[THE DATA]
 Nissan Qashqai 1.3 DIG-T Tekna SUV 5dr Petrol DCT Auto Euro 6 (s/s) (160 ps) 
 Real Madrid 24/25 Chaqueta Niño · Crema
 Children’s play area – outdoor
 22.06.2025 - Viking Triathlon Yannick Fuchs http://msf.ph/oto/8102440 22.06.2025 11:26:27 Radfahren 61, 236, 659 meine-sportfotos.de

* * *

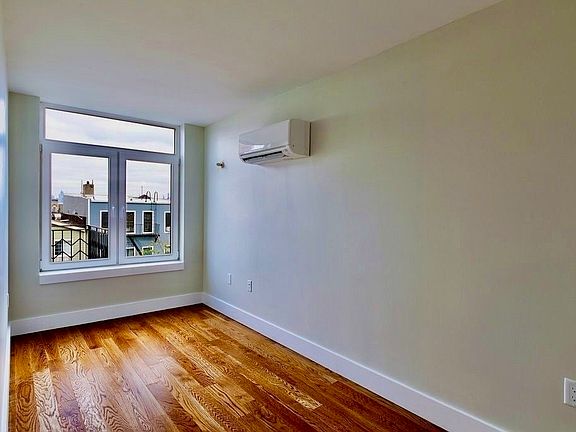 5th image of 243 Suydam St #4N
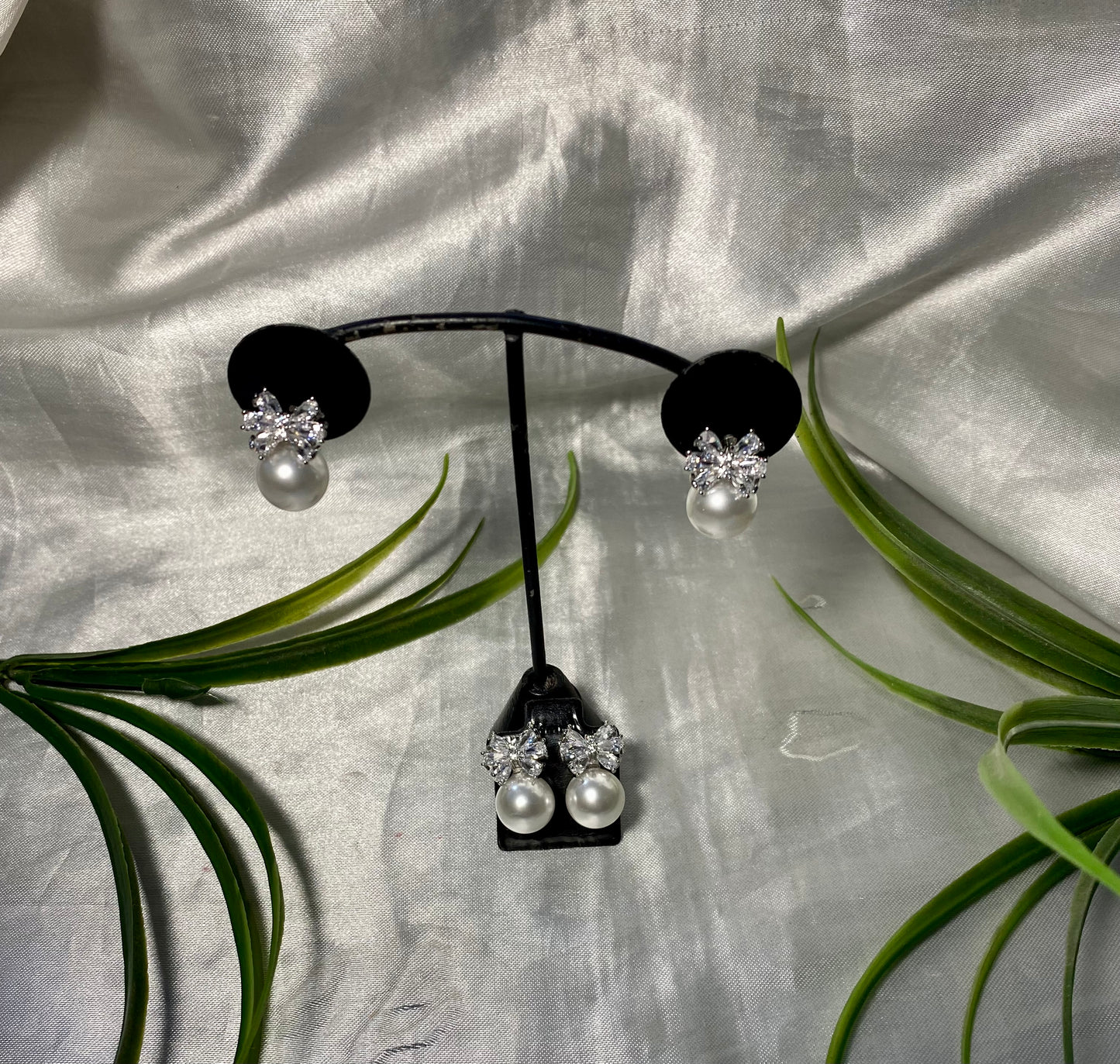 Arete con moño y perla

[PROBLEM] Among the entries above, find the line with "Children’s play area – outdoor" and the line with "22.06.2025 - Viking"; give again exactly these two lines and all lines between them.

[RESULT FOR THIS TASK]
 Children’s play area – outdoor
 22.06.2025 - Viking Triathlon Yannick Fuchs http://msf.ph/oto/8102440 22.06.2025 11:26:27 Radfahren 61, 236, 659 meine-sportfotos.de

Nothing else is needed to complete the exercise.